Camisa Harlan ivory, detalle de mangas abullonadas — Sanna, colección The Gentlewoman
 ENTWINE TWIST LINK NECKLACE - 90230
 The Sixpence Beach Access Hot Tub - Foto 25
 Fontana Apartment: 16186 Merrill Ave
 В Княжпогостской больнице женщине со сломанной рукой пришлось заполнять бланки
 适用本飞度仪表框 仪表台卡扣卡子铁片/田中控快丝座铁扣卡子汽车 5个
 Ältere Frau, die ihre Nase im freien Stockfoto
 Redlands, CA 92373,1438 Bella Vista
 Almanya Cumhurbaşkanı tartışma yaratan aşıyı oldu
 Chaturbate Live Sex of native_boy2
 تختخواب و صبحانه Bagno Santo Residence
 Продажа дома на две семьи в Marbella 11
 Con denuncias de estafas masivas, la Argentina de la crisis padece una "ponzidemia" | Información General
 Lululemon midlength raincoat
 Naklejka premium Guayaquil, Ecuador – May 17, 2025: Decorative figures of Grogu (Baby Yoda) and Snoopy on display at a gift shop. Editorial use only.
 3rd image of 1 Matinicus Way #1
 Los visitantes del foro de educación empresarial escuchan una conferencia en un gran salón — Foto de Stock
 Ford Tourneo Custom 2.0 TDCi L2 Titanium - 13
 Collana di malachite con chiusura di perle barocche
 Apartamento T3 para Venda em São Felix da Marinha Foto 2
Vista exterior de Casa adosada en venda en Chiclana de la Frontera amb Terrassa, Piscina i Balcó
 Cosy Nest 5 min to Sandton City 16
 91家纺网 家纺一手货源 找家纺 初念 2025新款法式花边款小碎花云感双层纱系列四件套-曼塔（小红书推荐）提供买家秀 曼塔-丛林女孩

TASK DETAILS:
Find each line above that contains "Vista", and copy those lines.

RESULT OF THIS EXERCISE:
 Redlands, CA 92373,1438 Bella Vista
Vista exterior de Casa adosada en venda en Chiclana de la Frontera amb Terrassa, Piscina i Balcó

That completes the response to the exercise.